- YOUR GOAL:
Would you output the listing exactly, with every image omitted?

- AVAILABLE DATA:
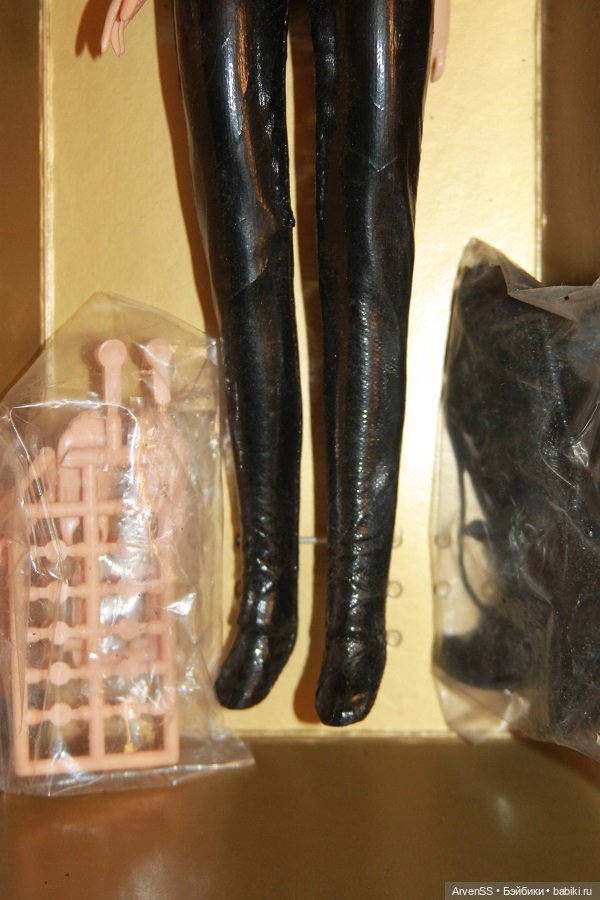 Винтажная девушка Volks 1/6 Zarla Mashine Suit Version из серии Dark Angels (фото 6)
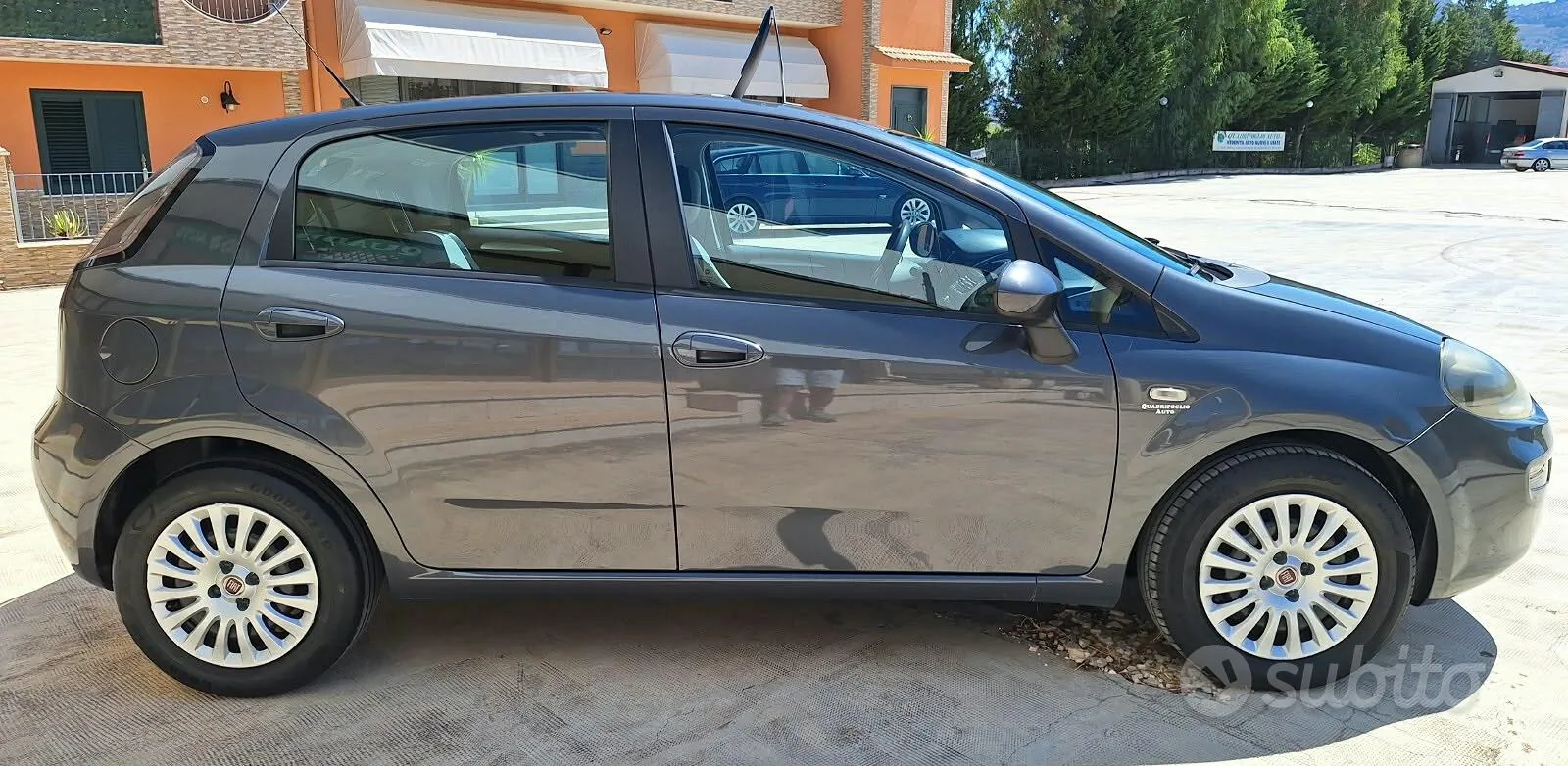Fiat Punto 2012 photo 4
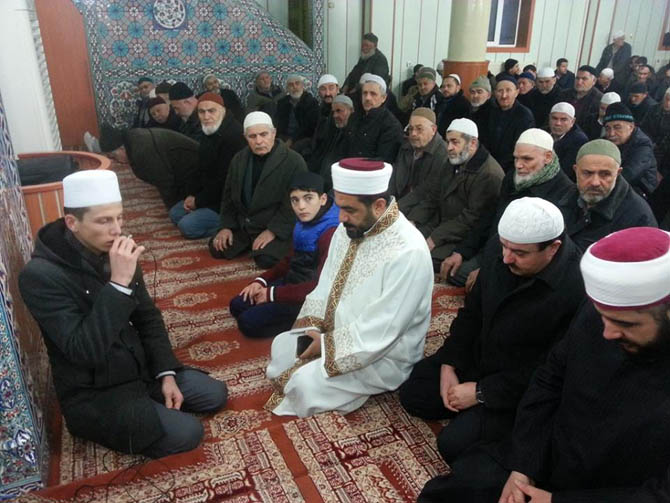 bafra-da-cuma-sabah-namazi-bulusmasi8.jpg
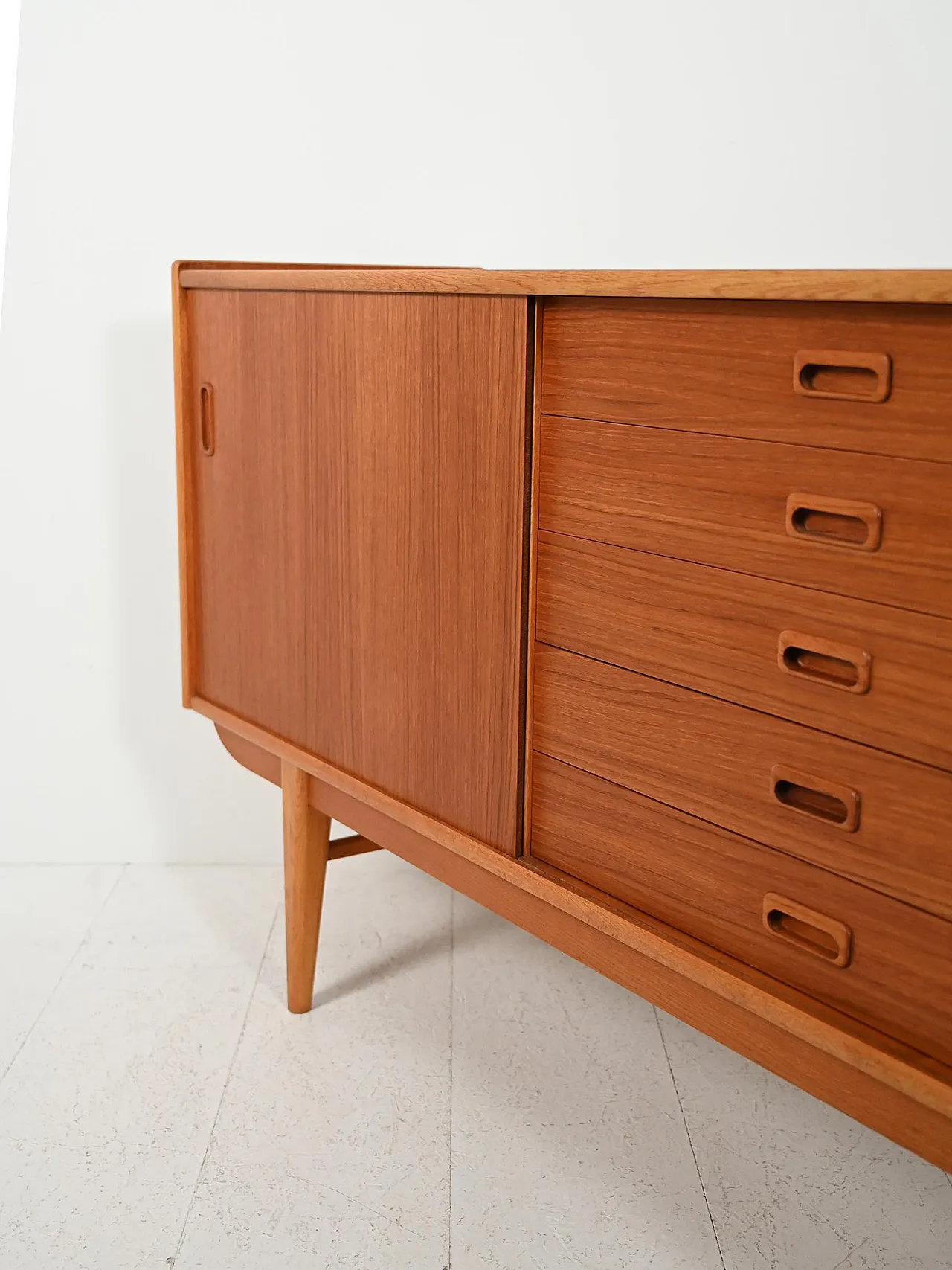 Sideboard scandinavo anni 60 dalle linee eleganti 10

- EXERCISE SOLUTION:
 Винтажная девушка Volks 1/6 Zarla Mashine Suit Version из серии Dark Angels (фото 6)
Fiat Punto 2012 photo 4
 bafra-da-cuma-sabah-namazi-bulusmasi8.jpg
 Sideboard scandinavo anni 60 dalle linee eleganti 10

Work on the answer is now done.